The K-S test is a nonparametric test that compares the cumulative distribution functions (CDFs) of two datasets to determine if they are from the same continuous distribution. We are looking to determine if the samples of AGN have different color distributions, which we hypothesized from looking at the image cutouts and the color magnitude plots. If the K-S test results in a low p-value, it suggests that the two samples compared are likely to have come from different distributions, affirming our hypothesis that the AGN groups exhibit distinct color properties across various redshift ranges. Such a finding would indicate that the physical conditions within these galaxies—such as star formation rates, age of stellar populations, presence of dust, and metallicity—are evolving.

In [None]:
from scipy.stats import ks_2samp


def get_d_from_z(z, c=3e5, H_0=70):
    return (c * z) / H_0 * 1e6  # Convert Mpc to pc

def get_abs_mag(app_mag, d):
    return app_mag - 5 * (np.log10(d) - 1)
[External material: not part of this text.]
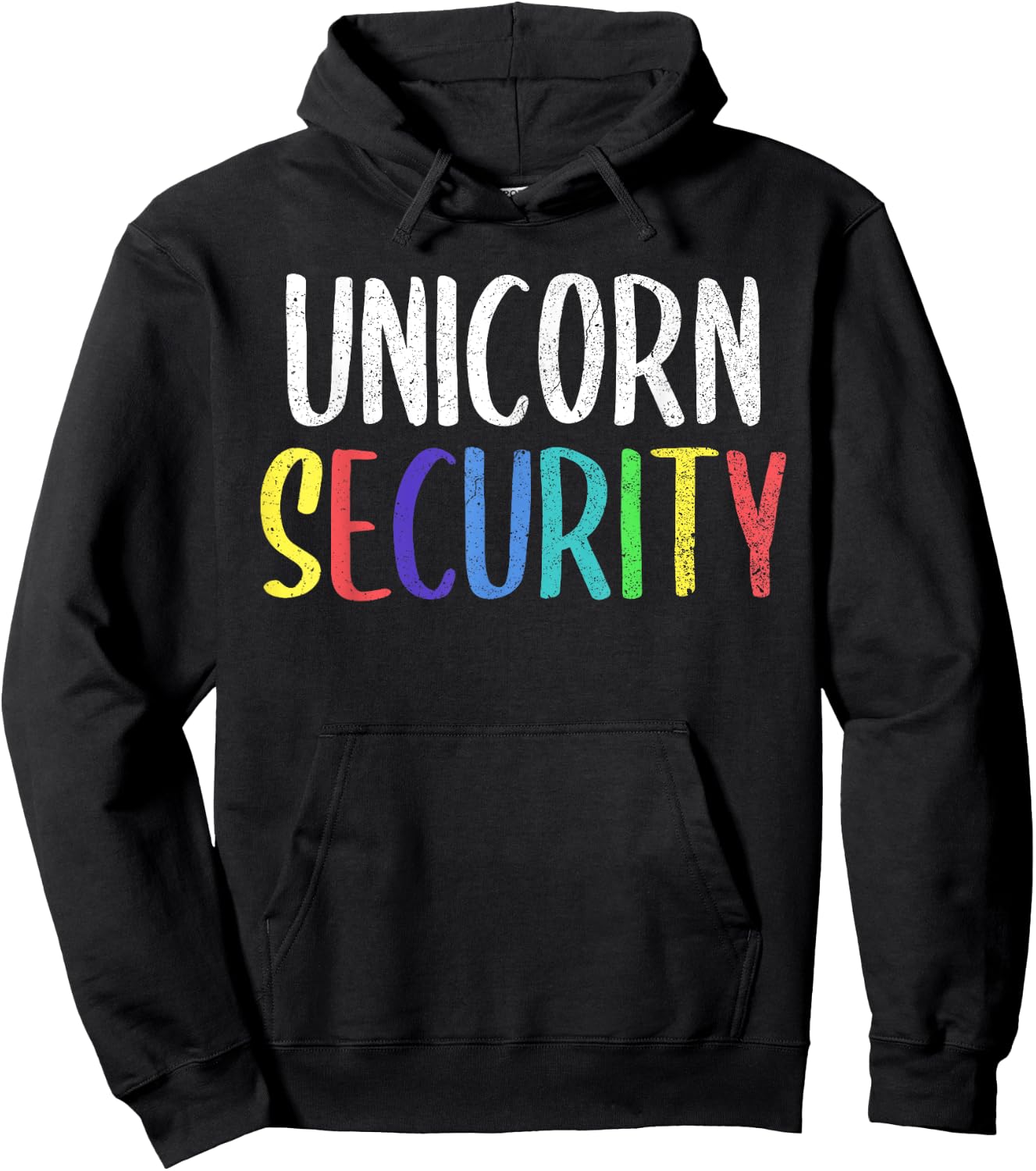 Halloween Dad Mom Daughter Adult Costume, Unicorn Security Hoodie - Hoodie | Black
def calculate_color_index_and_ks_test(agn_g_mag, agn_r_mag, agn_z):
    d = get_d_from_z(agn_z)
    abs_mag_g = get_abs_mag(agn_g_mag, d)
    abs_mag_r = get_abs_mag(agn_r_mag, d)
    abs_color_index_gr = abs_mag_g - abs_mag_r
    return abs_color_index_gr

color_index_range = (-1, 1)

agn0_color_index = calculate_color_index_and_ks_test(agn0_g_mag, agn0_r_mag, agn0_z)
agn1_color_index = calculate_color_index_and_ks_test(agn1_g_mag, agn1_r_mag, agn1_z)
agn2_color_index = calculate_color_index_and_ks_test(agn2_g_mag, agn2_r_mag, agn2_z)
agn3_color_index = calculate_color_index_and_ks_test(agn3_g_mag, agn3_r_mag, agn3_z)

ks_test_01 = ks_2samp(agn0_color_index, agn1_color_index)
ks_test_12 = ks_2samp(agn1_color_index, agn2_color_index)
ks_test_23 = ks_2samp(agn2_color_index, agn3_color_index)
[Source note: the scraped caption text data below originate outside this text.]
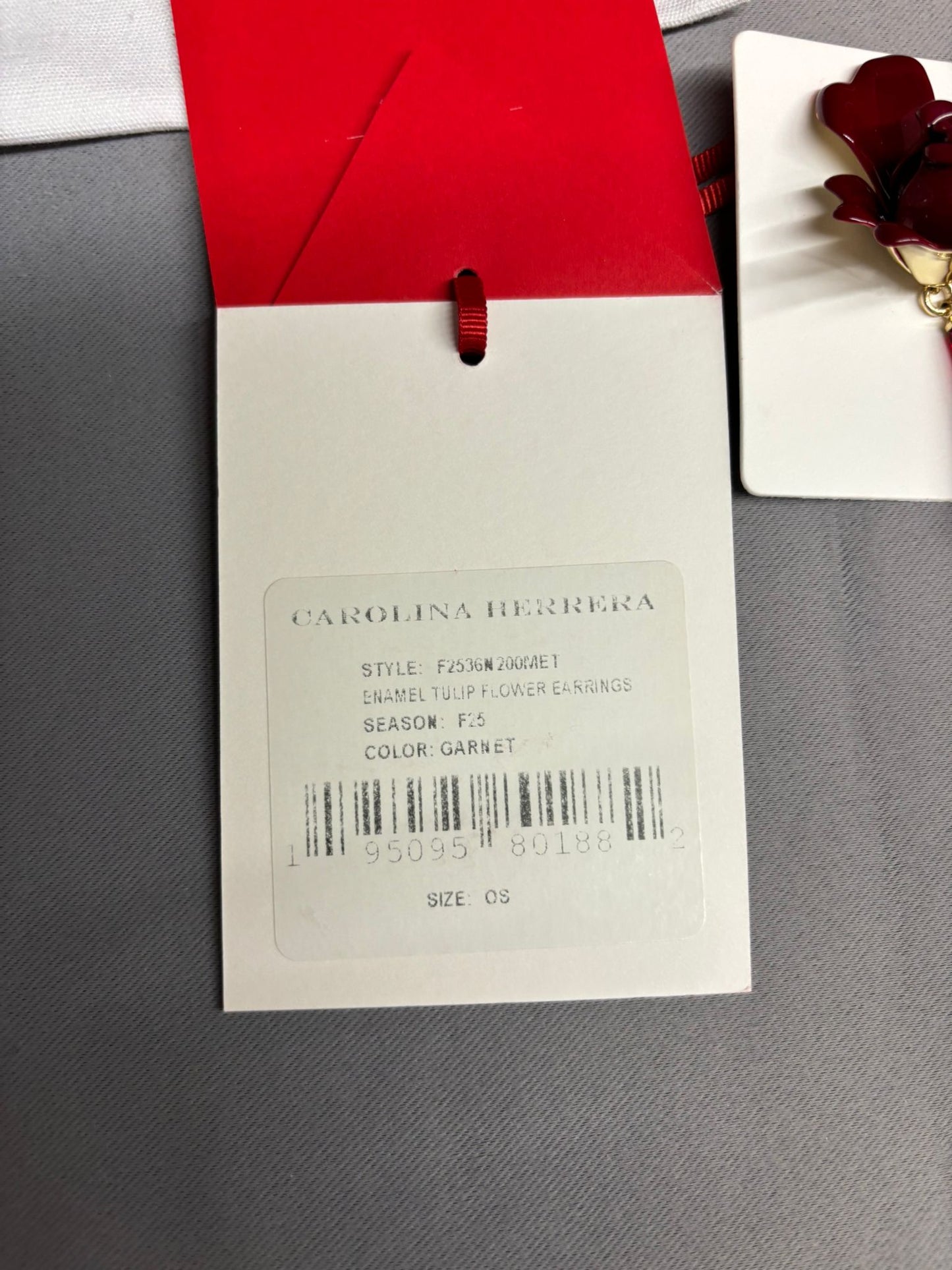 Caroline Herrera Red Tulip Enamel Flower Drop Earrings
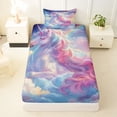 thumbnail image 3 of Metsweet Dreamy Princess Unicorn Twin Sheets 3pcs, Watercolor Rainbow Bedding, Blue Pink,1 Fitted Sheet, 1 Flat Sheet and 1 Pillowcase, 3 of 5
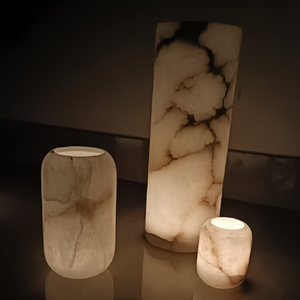 Soporte de luz de té de piedra de alabastro favorito del cliente Acabado de lujo Calidad Premium Artesanal Hecho a mano Construcción duradera - Product Image 1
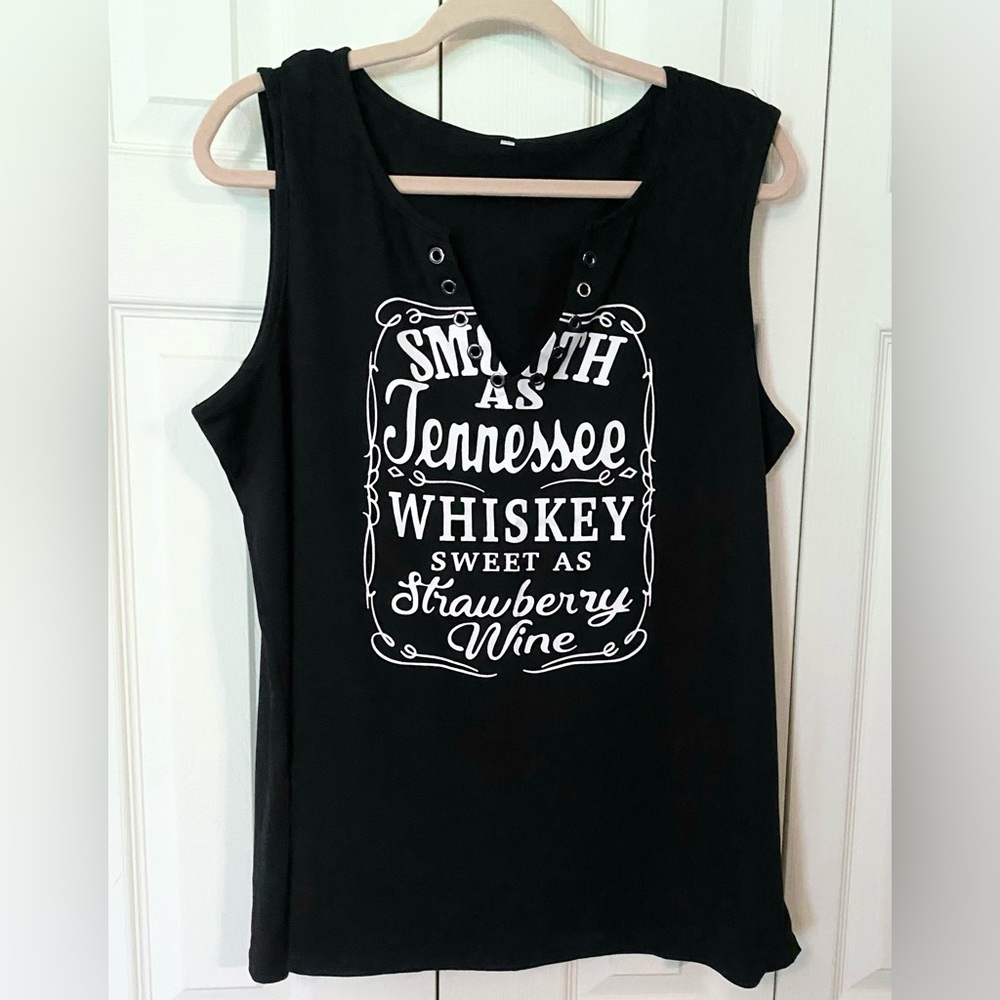 Black Fun Graphic Sleeveless Top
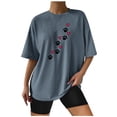 thumbnail image 1 of EQWLJWE Hauts d'Été pour Femmes Hauts pour Femmes Liquidation Mode Femme T-Shirt à Manches Courtes Col Rond Imprimé Blouse Ample, 1 of 5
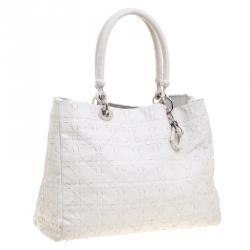 مملوكة مسبقًا حقيبة يد ديور مضفرة جلد خياطة كاناج بيضاء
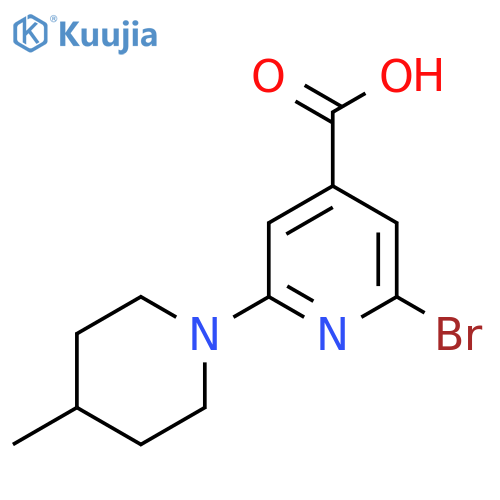2-bromo-6-(4-methylpiperidin-1-yl)pyridine-4-carboxylic acid structure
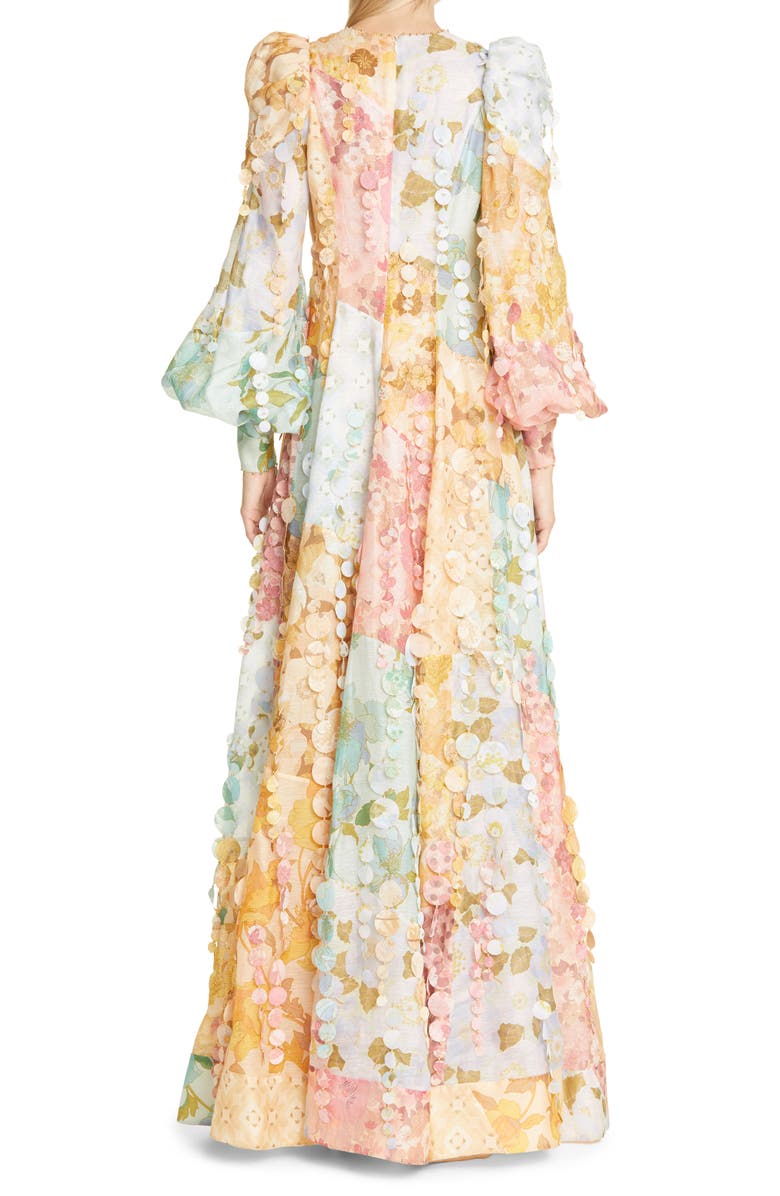 Zimmermann Tempo Patch Long Sleeve Linen & Silk Gown, Alternate, color,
plt.figure(figsize=(10, 6))

plt.hist(agn0_color_index, bins=30, range=color_index_range, alpha=0.5, color='blue', label='AGN0')
plt.hist(agn1_color_index, bins=30, range=color_index_range, alpha=0.5, color='red', label='AGN1')
plt.hist(agn2_color_index, bins=30, range=color_index_range, alpha=0.5, color='green', label='AGN2')
plt.hist(agn3_color_index, bins=30, range=color_index_range, alpha=0.5, color='orange', label='AGN2')
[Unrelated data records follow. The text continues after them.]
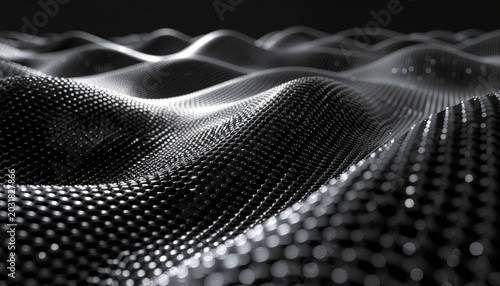 8K Ultra-HD Macro of Deep Black Metallic Mesh with Tiny Silver Glints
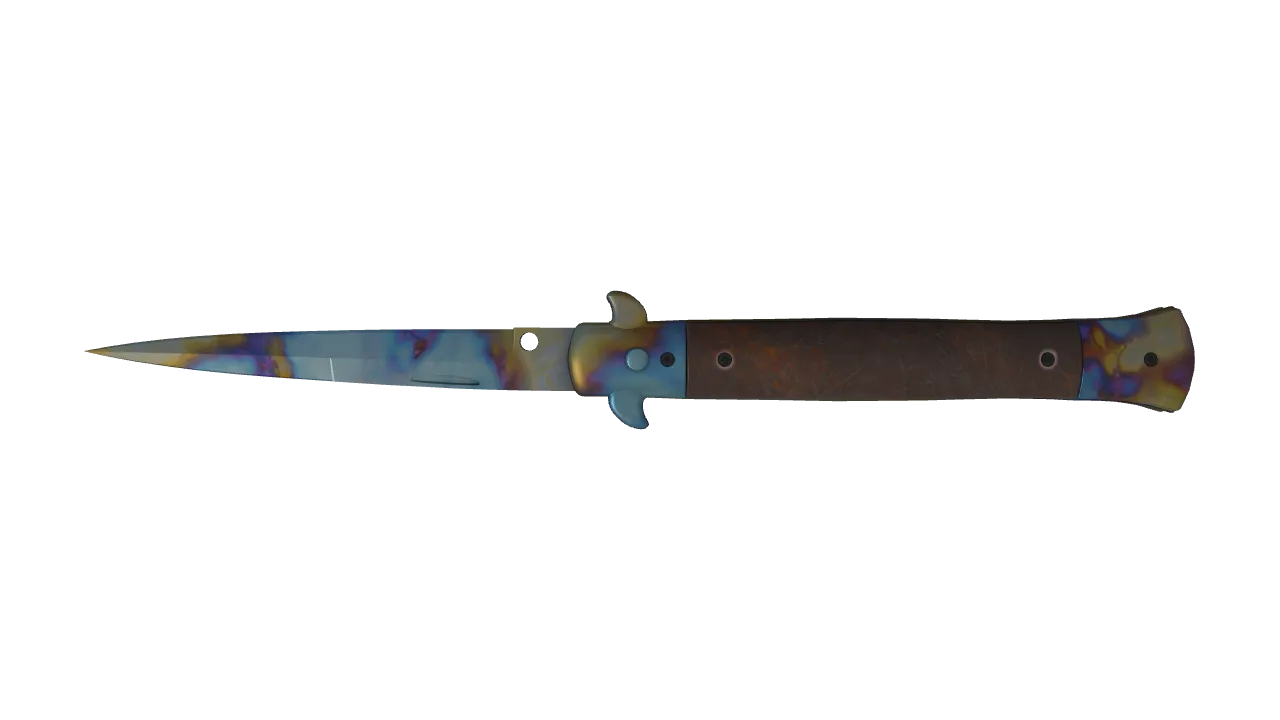 Stiletto Knife | Case Hardened seed #631, back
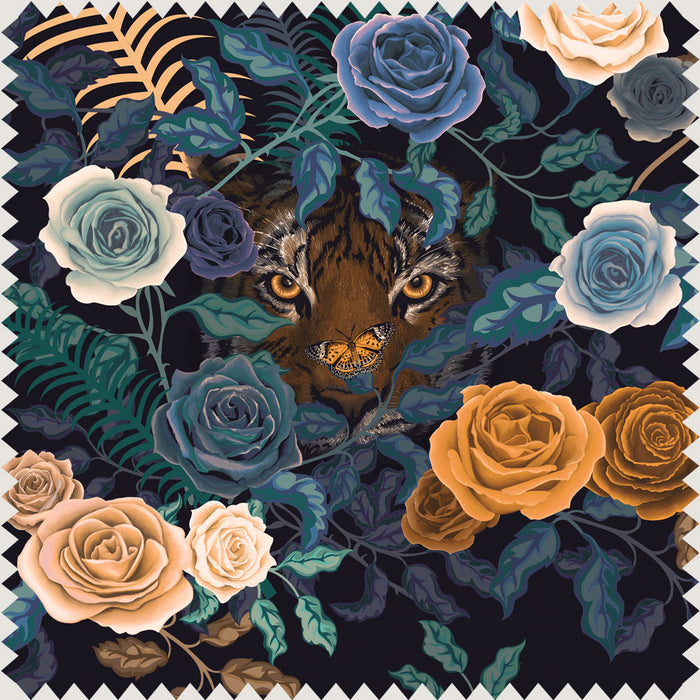 Blue and Mustard Floral Tiger Velvet Designer Upholstery and Curtain Fabric by Becca Who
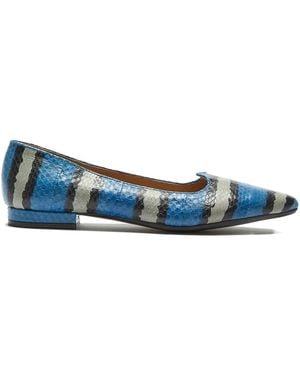 Maliparmi Striped-Pattern Pointed-Toe Flats - Blue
plt.xlabel('G-R Color Index')
plt.ylabel('Frequency')
plt.legend()

plt.show()

print("KS Test between AGN0 and AGN1:", ks_test_01)
print("KS Test between AGN1 and AGN2:", ks_test_12)
print("KS Test between AGN2 and AGN3:", ks_test_23)


When considering the colors of the image cutouts we got from each redshift division alongside the K-S test data, we find that there is statistically-significant evidence for a variation in the color distributions of AGN groups across varying redshifts. In the cutouts, we see a shift from blue in AGN0 and AGN1 to purple and yellow in AGN2, to green in AGN3. This shift is corroborated by the KS tests, which show significant differences in the color index distribtions. This shift could be because of the evolution of stellar populations, unique AGN activity, and the actual redshifting of light. The histograms indicate a shift in the peaks from more blue to more red. AGN0 peaks the closest to the bluer end of the color index, AGN1 as a peak slightly farther right, and AGN2 is even farther to the right. AGN3 has the farthest peak to the right.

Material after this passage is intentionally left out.